廃業と倒産は、会社の財務状況に大きな違いがあります。


廃業は、単に事業をやめることを意味します。残った財産を換価して債務を支払い、清算ができる見込みであれば通常の「解散・清算の手続き」によって会社を閉じることができます。


しかし、倒産は、会社の債権を換価しても債務を弁済できない状況をいいます。いわゆる「債務超過」の状況です。会社をやめるとしても通常の「解散・清算の手続き」は行えません。その後の会社の方向性に合わせて、私的整理、法的整理の手続きの中から選択することになります。私的整理は、債権者それぞれと協議し、自主的な再建方法であり、債権者の協力が得られれば柔軟な方法として有効です。しかし、債権者との協議が難航しそうな場合や、金額の多寡や債権者数によっては、裁判所が関与する法的整理を選択する方が良策の場合もあります。

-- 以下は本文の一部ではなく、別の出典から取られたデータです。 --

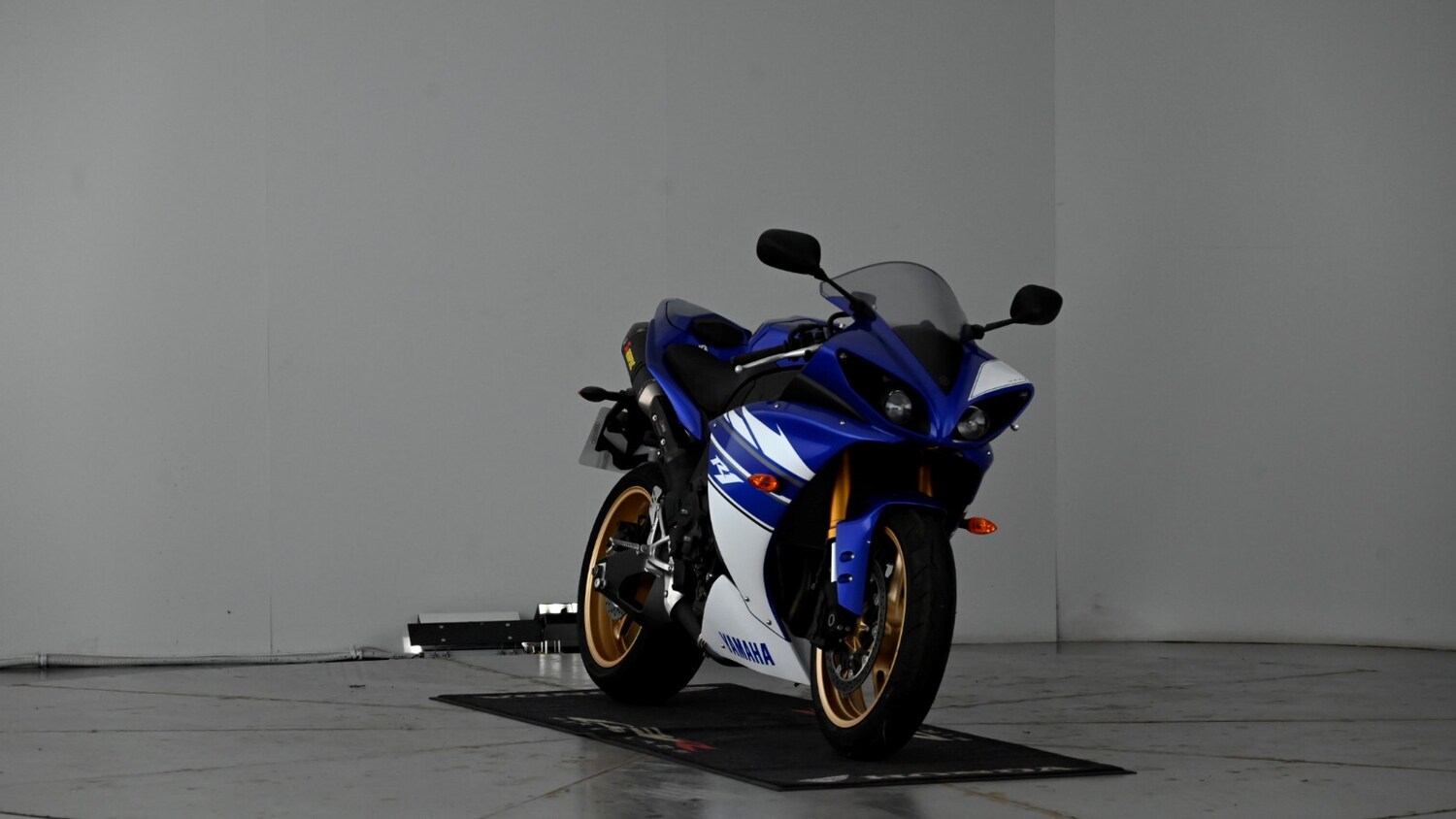 Yamaha R1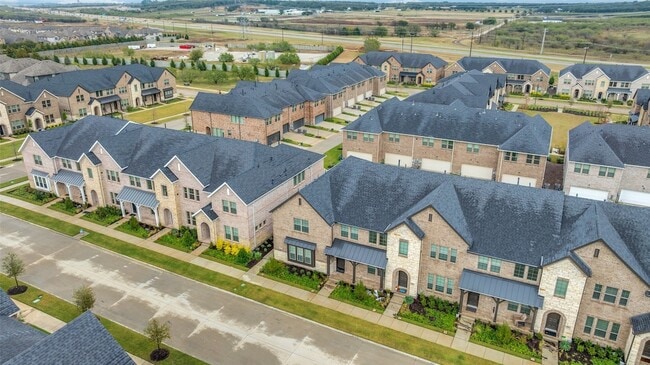 Building Photo - 512 Parkside Dr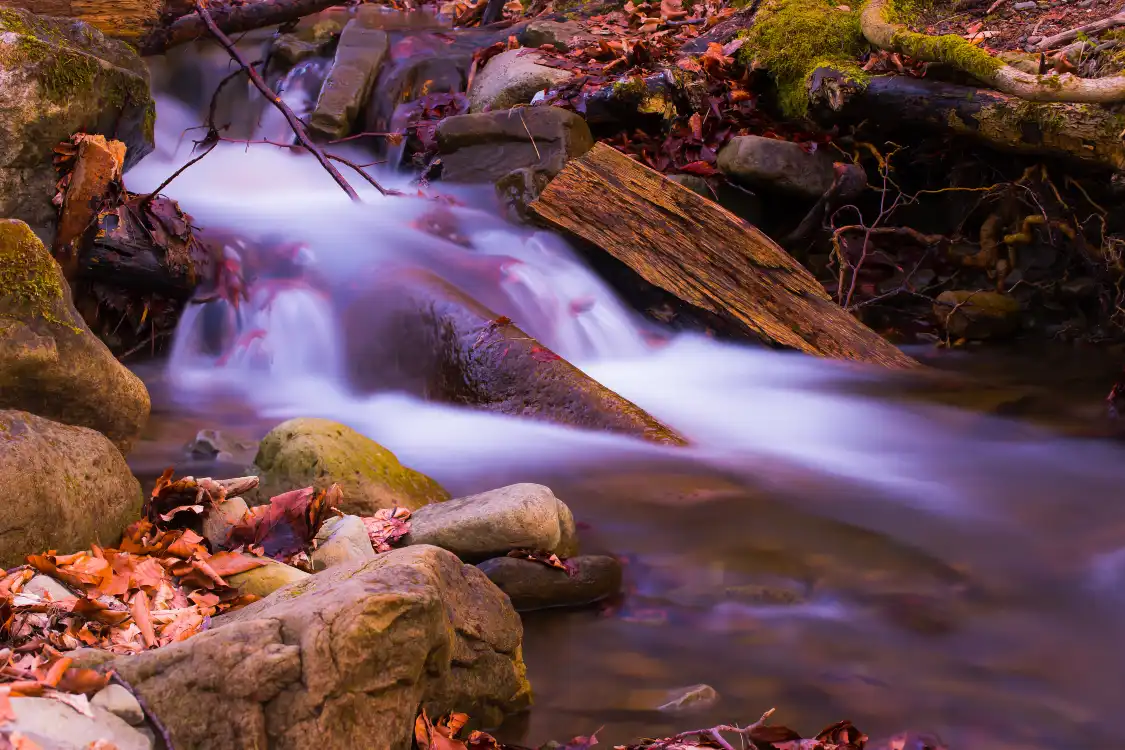 Hotels near Tongjianchong Waterfalls Scenic Area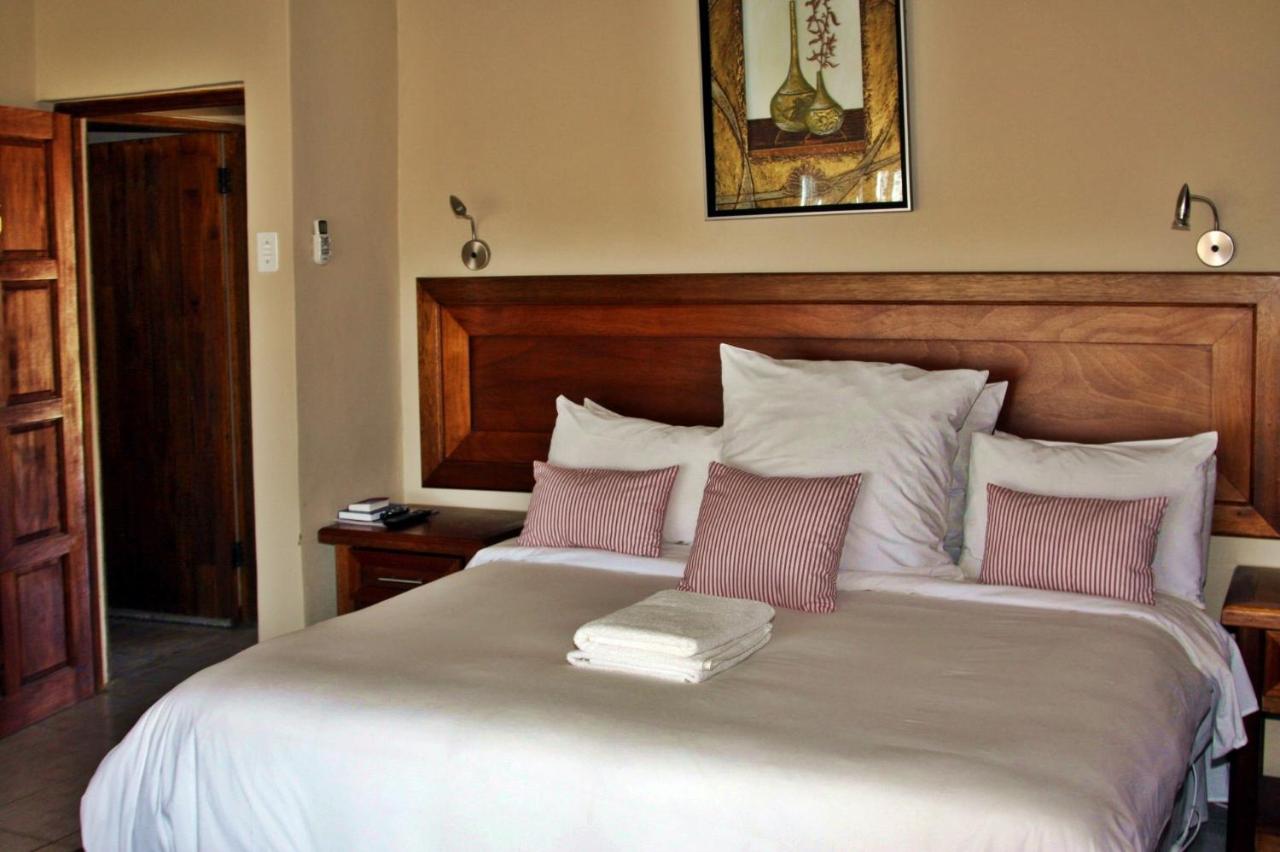 Honeymoon Suite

再建型、清算型どちらを選択するのかも含め、専門家に相談されることをおすすめします。


 取引先が倒産手続きに入る場合には、再建型、清算型どちらに進んでも、自社が損失を被る可能性は高いでしょう。部分的に回収できる場合もありますが、債権回収はほぼ不可能であると捉え、リスク対策を講じておくことが得策です。